The goal of the competition is to honor creativity in advertising throughout the world, recognize the contributions of individuals and companies who create the work and encourage raising the standards of craftsmanship in the industry.

Judged by a jury comprised of internationally renowned creative directors, awards are given to both single and campaign executions, distinguished by product, service or technique category.

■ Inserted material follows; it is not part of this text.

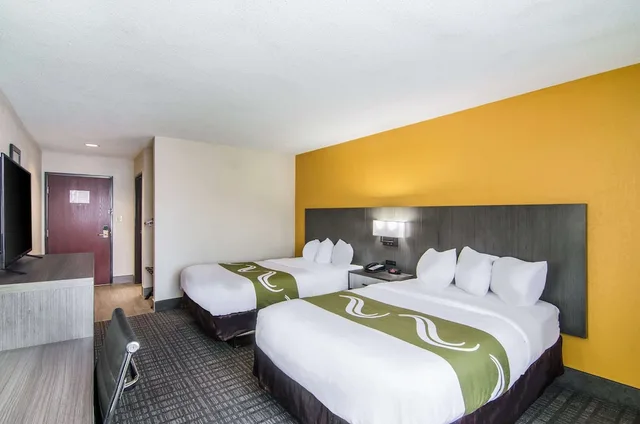 غرفة قياسية بسريرين مزدوجين للمدخنين، Quality Inn near University of Mobile 1/4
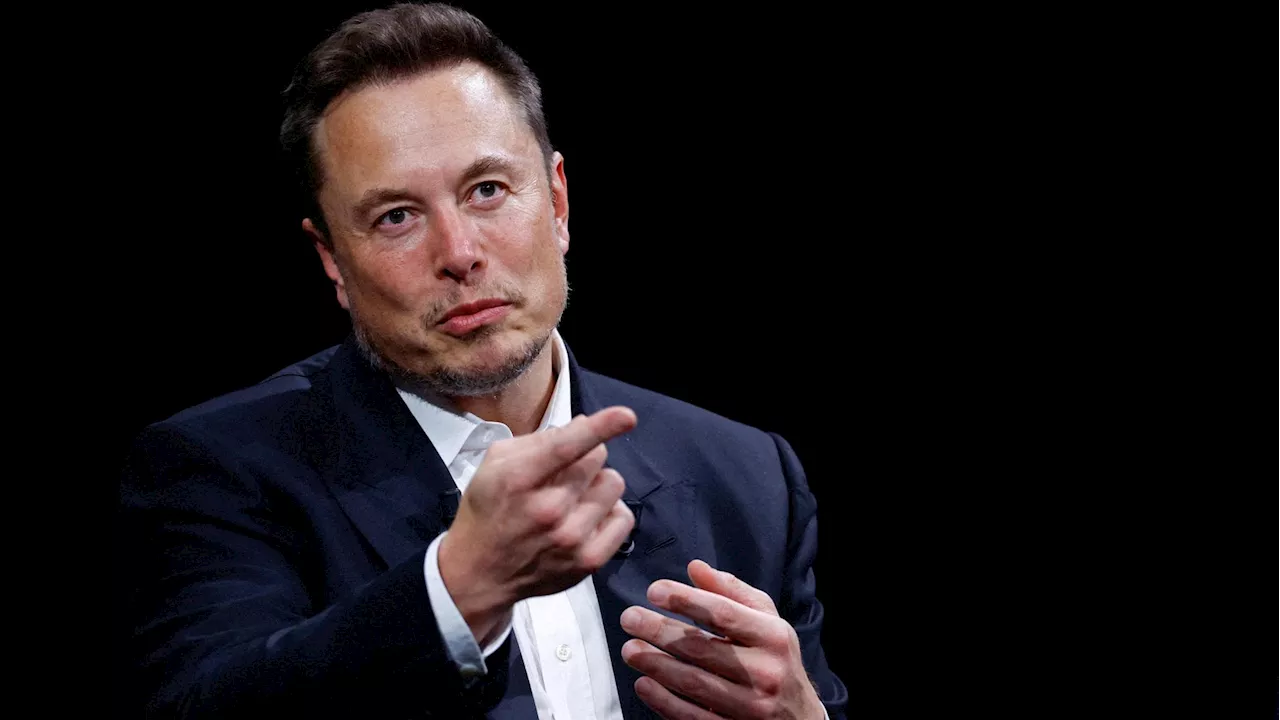 Tesla lascia a piedi gli studenti: cala la scure di Musk anche sugli stage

The ANDY's began as a New York print only show that has evolved into an international show covering print, radio, television, out-of-home, direct mail, video/cinema, interactive and other media." (

"Tan Hong Ming" won a Gold Andy for Film Direction and another Gold for Public Service Advertising. "Race" won a Bronze.

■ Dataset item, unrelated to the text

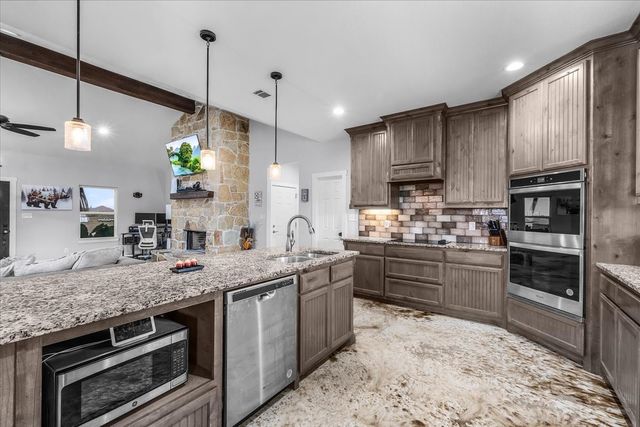 1072 Justin Drive, Springtown, TX 76082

And no matter how much Ila condemns me, I cannot help but give praise and thanks to my beloved Creator.


Thursday, May 01, 2008

Trailer of the music video which Yuhang and I shot.

On the 24th of April, 2008, about 100 volunteers gathered at KLPAC and made a video about being One People in a nation of many.

The song, "Here In My Home", was written by Pete Teo. The music video is officially described as having been directed by Ho Yuhang and Yasmin Ahmad, but in truth, the celebrities who had come forth to offer their time and energy for free, pretty much directed themselves.

Yuhang and I knew, at the very onset of the project, that we did not want fancy camera moves or graphics that would have brought attention upon themselves. (Music videos have a habit of doing just that!)

We figured that when you have charismatic people like Afdlin Shauki, Harith Iskandar, Awie, Jason Lo, Reshmonu, Sheby Singh, Ning Baizura, the "Sepet" couple (Ng Choo Seong and Sharifah Amani), Maya Karin, Tony Fernandes, Reshmonu, Jaclyn Victor, Ida Nerina, Amber Chia, Atilia, Nikki and all those other wonderful personalities singing and dancing to a beautiful song, the best thing to do was to keep everything constant. A mostly un-moving camera, lots of space for people to run around in, and a flat coloured location.

So in the end, what you'll see are Stars in their element.